We turned our big guns toward the front door and began pumping out some heavy-duty barks. You should have been there to see it! It was an awesome display of…

“Hank, dry up!”

Huh? Had I heard a voice?

Yes, and it came again. “It’s probably Loper, so knock it off.”

Okay, that was Slim’s voice and maybe our blasts of barking had disturbed his breakfast. How’s a dog supposed to know? We just try to do our jobs, but speaking of breakfast, I left the artillery and made my way over to his chair. Maybe…

“No.”

What a grouch. I hadn’t begged for food. What kind of lunatic would eat a cold, leftover, boiled turkey neck for breakfast anyway? It looked revolting.

“You want a bone?”

No.

He pitched it in the air and, well, what could I do but snag it? Snarf. It crunched up pretty nicely. Turkey neck bones don’t look so great and a lot of dogs wouldn’t touch one first thing in the morning, but they’re not all that bad.

Crunch, crack.

Pretty good in fact. Give me a choice between a neck bone and a plate of scrambled eggs, and I’ll take the bone every time. You know why? Because in Slim’s house, a decent, civilized breakfast will never happen, so we take anything we can get.

As a matter of fact…

“That’s all you get.”


You see how he is? The man seems to think that a dog has only one thing on his mind and all we ever do is chase after the next meal. It’s very discouraging and even insulting. For his infor-mation, the mind of a dog is an awesome thing.

The only reason dogs aren’t listed among the world’s greatest philosophers and poets and composers is that we’re stuck with the job of protecting knot-heads like Slim Chance—for which we receive no credit or appreciation, only criticism and scorn.

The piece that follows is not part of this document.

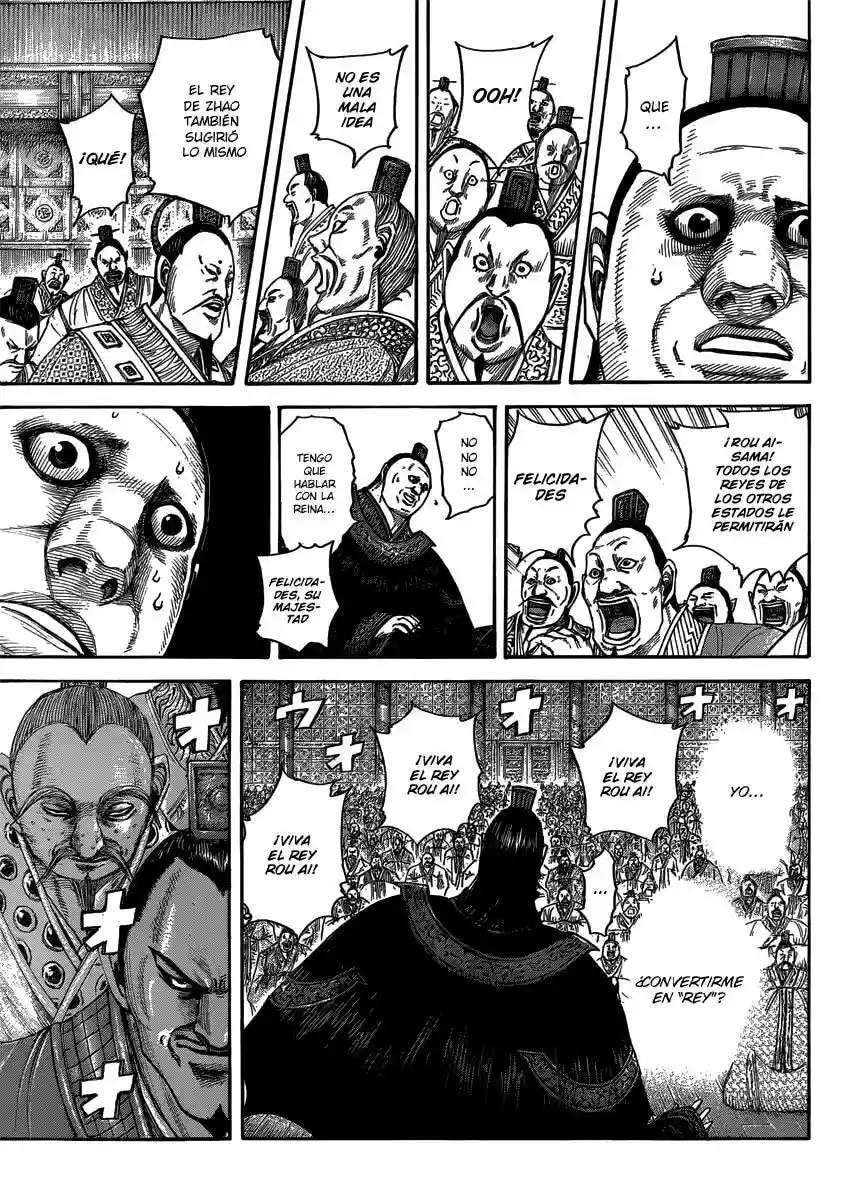 Kingdom — Capítulo 408 — Página 16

Free us from that burden and see what happens. We’ll write the great books, think the great thoughts, and compose the great slumphonies.

Timpanies. We’ll compose the greatest timpanies ever heard.

That doesn’t sound right. It drives me batty when the perfect word is right on the tang of my torque and I can’t come up with it.

The word I’m searching for has to do with fiddles and horns and a guy standing on a platform, wearing tusk and tails, and waving a little stick around.

Phooey.

You know what? I don’t care and I’m not going to waste half my life looking for a word I don’t care about. The important poink is that dogs need nutrition and energy, and we can’t get it by eating sheet music.

We need FOOD, and would it drive the ranch into bankrubble if Slim shared one more turkey vertebra with his best friend in the whole world?

Was that unreasonable?

I mean, we ask so little of this life!

I unloosed a moan from deep in my throatalary region, moved my front paws up and down, and beamed him an expression of Adoration and Starvoration.

I studied his face. His mouth was stiff, cold, lifeless, without even a hint of warmth or compossem. This wasn’t going to work. But wait…

There was a flicker of something…a softness came into his eyes…his lips stirred ever so slightly and the corners moved upwardly at the corners.

Holy smokes, IT WAS A SMILE!

“Okay, pooch, one more. See if you can catch it.”

With his thumb, he flipped a vertebra high into the air. I loaded the Reentry Data into the computer and moved into the Recovery Position. When the object began its downward plunge, I was waiting and snapped it right out of the sky.

Crunch.

Oh yes! The bonds of our bondage had bonded, and we were friends again, friends forever, friends to the bone!

A little humor there, did you get it? “Friends to the BONE,” as in a turkey vertebra. Ha ha.

Anyway, he was pleased and proud. He not only smiled, he uttered a chuckle, and don’t forget, this was early morning, not his best time of day. “Nice work, pup. You’ve got talent nobody ever dreamed was there.”

Right. Did we have time for one more?

No, because at that very moment, we heard pounding at the door. Our pleasant episode came to a sudden end and I was back on duty.

“Symphony,” that’s the word I was looking for.